DIRECTIONS FOR THIS TASK: From the line with "Menu du dimanche" to the line with "HOUSE OF CB", retype every line exactly, including those two, and leave out the rest of the data below.

DATASET RECORDS:
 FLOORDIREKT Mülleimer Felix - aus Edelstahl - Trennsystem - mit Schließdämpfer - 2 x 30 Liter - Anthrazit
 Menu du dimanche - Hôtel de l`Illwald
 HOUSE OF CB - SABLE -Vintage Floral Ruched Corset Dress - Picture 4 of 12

...

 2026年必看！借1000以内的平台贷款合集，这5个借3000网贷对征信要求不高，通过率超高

RESULT:
 Menu du dimanche - Hôtel de l`Illwald
 HOUSE OF CB - SABLE -Vintage Floral Ruched Corset Dress - Picture 4 of 12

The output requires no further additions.